Our original plans had us driving home Saturday, with an overnight stay along I 95 and we'd get home sometime Sunday to get ready for Ed to go to work Monday morning and me Monday afternoon. Then I'd have the next day off and go back Wednesday night. We kept an eye on the situation.
Friday afternoon, E calls me and tells me the storm is starting. Our mall was not known for closing down for snow, but they had passed out fliers to the merchants with 'snow emergency numbers'. Hmmm, interesting. This is the same mall that hadn't bothered to plow 12" of snow in December and the only way I was able to get into it unscathed is because I knew how far the trees should be from the curbs!
Saturday morning, we're packed and ready to check out (had express checkout, so technically, we were checked out). I call E and she says DO NOT LEAVE, the mall is closed and it is still snowing. I said something about having to be there to close Monday night and was assured that if the mall was going to be open, that she'd cover my shift. Soon after, my district manager calls me and says even if the mall opens, she doubts she would risk any of her staff's safety-just stay in Florida.
It bought us an extra three days down here. The first one, we went to the Magic Kingdom and got this picture:
The third day, we drove over to Clermont, Florida. A friend was building a house there and Ed and I figured it was worth a look. Everywhere we went, people would ask "Are you planning on moving here? You'll love it!" The gears started turning.
The drive home the next day was perfect until Richmond. The sides of the interstate had the remnants of snow. Around Dale City, it started looking bad. The Beltway was clear, but you had to be careful to look for the lights of the cars merging in because you couldn't see them over the plowed snow on top of the 36" accumulation. Montgomery County, the ramps weren't even plowed to get you on and off the interstate.
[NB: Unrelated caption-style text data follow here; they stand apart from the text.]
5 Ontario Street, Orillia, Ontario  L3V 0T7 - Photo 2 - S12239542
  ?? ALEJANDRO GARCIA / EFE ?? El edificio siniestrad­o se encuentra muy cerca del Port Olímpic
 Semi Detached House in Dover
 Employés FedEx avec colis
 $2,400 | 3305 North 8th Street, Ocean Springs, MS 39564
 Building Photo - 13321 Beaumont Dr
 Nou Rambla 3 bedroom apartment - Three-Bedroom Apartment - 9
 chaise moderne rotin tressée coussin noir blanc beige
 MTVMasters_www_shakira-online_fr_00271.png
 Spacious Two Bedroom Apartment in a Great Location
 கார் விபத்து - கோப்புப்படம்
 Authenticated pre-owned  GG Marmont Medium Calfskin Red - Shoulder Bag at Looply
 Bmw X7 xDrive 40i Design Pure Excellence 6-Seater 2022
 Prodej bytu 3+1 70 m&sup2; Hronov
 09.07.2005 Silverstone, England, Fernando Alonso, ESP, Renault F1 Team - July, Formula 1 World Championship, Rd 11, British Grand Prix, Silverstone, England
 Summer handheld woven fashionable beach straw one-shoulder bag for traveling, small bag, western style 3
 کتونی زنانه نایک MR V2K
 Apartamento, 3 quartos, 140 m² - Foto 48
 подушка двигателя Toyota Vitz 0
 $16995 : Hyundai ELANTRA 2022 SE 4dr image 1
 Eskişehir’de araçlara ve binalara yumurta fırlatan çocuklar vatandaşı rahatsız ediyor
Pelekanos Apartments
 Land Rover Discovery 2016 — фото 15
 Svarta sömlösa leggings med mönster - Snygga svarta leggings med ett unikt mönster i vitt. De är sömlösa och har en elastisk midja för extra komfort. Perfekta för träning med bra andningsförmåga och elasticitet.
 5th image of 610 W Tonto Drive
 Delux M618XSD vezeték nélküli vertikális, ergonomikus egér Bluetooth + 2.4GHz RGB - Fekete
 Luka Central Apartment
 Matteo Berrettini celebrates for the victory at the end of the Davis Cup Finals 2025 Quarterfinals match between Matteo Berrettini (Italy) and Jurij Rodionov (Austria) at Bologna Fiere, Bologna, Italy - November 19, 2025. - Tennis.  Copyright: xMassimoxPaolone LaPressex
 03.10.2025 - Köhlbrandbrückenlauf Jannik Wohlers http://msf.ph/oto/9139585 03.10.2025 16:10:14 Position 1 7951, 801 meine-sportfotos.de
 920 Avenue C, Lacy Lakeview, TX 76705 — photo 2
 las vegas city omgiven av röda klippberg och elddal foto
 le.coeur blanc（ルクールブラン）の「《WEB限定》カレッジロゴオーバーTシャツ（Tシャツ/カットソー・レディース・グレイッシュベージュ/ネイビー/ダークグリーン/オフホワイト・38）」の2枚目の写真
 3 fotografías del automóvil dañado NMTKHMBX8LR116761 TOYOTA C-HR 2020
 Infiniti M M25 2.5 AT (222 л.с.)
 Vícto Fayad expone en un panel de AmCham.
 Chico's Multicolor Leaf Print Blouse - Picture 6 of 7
Our county, used to the snow because of the three mountain ranges that passed through it, looked like business as usual. 12 hours after the last flake landed, it was clear sailing-until we pulled onto our block. It was 1am and we had to spend an hour shoveling snow to be able to park the car. We put a yard stick into the snow in the front yard and the end was flush with the top of the snow, making it taller than Chef.
It was then that Ed had convinced me to consider moving to Florida, so we never had to deal with it again. There's a huge sense of relief that I don't have to shovel it, deal with the constant knee and wrist throbbing that results from the combination of cold weather and arthritis, mixed with concern that everyone is safe and warm.
Now, all my friends are up there and dealing with the white crap. You can move away from that stuff, but you still worry about those who haven't.
Stay safe, warm and careful up there, everybody.